Date: 2012-05-18
Type of information: Publication of results in a medical journal
phase: 1
Announcement: publication of phase I results in The Lancet, Volume 379, Issue 9829, Pages 1893 - 1901, 19 May 2012
Company: GSK (UK)
Product: dabrafenib
Action
mechanism: Dabrafenib is a selective inhibitor of B-RAF protein kinase carrying V600E mutation. It is currently being developed for the treatment of BRAF mutation-positive tumors.
Disease: melanoma
Therapeutic area: Cancer - Oncology
Country: USA, Australia
Trial
details: The phase I trial - published in the Lancet and funded by GSK- was primarily designed to establish the safe dose of dabrafenib. It involved 184 patients with incurable tumours, 156 of whom had metastatic melanoma. It has been undertaken between May 27, 2009, and March 20, 2012, at eight study centres in Australia and the USA. Eligible patients had incurable solid tumours, were 18 years or older, and had adequate organ function.

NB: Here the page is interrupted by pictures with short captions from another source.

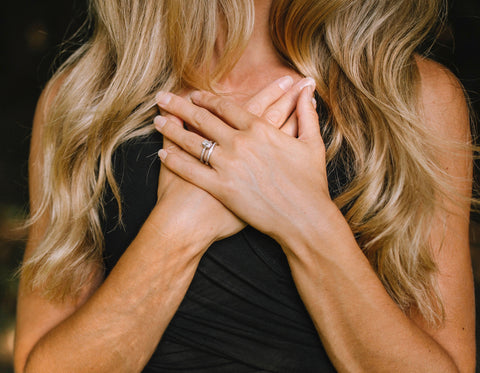 Close up of founder, Laura Meemken, with her hands folded over her heart.
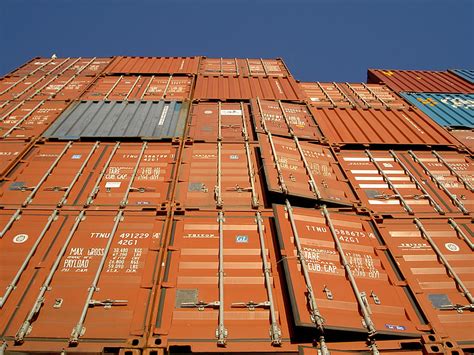 Royalty-Free photo: Low angle photo of orange intermodal container ...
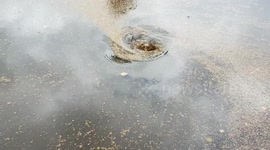 Whirling rain water rush downhill drive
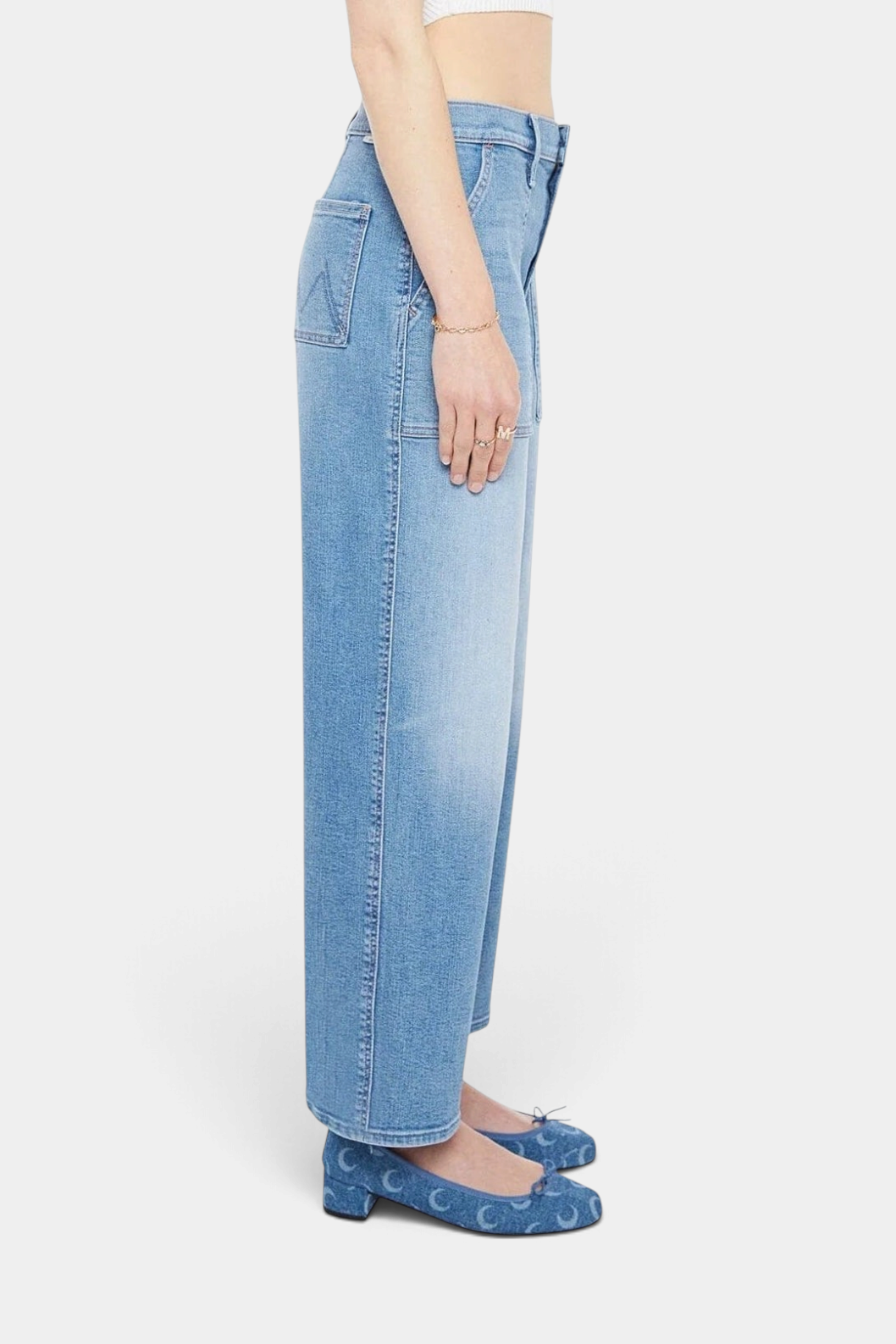 The Copper Shed Maven Flood high-waisted wide-leg jeans in light blue stretch denim with patch pockets, side view.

BRAF mutations were mandatory for inclusion later in the study because of an absence of activity in patients with wild-type BRAF. The first dose cohort received 12 mg dabrafenib daily in a 21-day cycle. Once doses had been established, the cohorts have been expanded to include up to 20 patients.
Latest
news: Dabrafenib is safe in patients with solid tumours, and an active inhibitor of Val600-mutant BRAF with responses noted in patients with melanoma, brain metastases, and other solid tumours. The most common treatment-related adverse events of grade 2 or worse were cutaneous squamous-cell carcinoma (20 patients, 11%), fatigue (14, 8%), and pyrexia (11, 6%). Dose reductions were necessary in 13 (7%) patients. No deaths or discontinuations resulted from adverse events, and 140 (76%) patients had no treatment-related adverse events worse than grade 2. Doses were increased to 300 mg twice daily, with no maximum tolerated dose recorded. On the basis of safety, pharmacokinetic, and response data, we selected a recommended phase 2 dose of 150 mg twice daily. At the recommended phase 2 dose in 36 patients with Val600 BRAF-mutant melanoma, responses were reported in 25 (69%, 95% CI 51·9—83·7) and confirmed responses in 18 (50%, 32·9—67·1). 21 (78%, 57·7—91·4) of 27 patients with Val600Glu BRAF-mutant melanoma responded and 15 (56%, 35·3—74·5) had a confirmed response. In Val600 BRAF-mutant melanoma, responses were durable, with 17 patients (47%) on treatment for more than 6 months. Responses were recorded in patients with non-Val600Glu BRAF mutations. In patients with melanoma and untreated brain metastases, nine of ten patients had reductions in size of brain lesions. In 28 patients with BRAF-mutant non-melanoma solid tumours, apparent antitumour activity was noted in a gastrointestinal stromal tumour, papillary thyroid cancers, non-small-cell lung cancer, ovarian cancer, and colorectal cancer.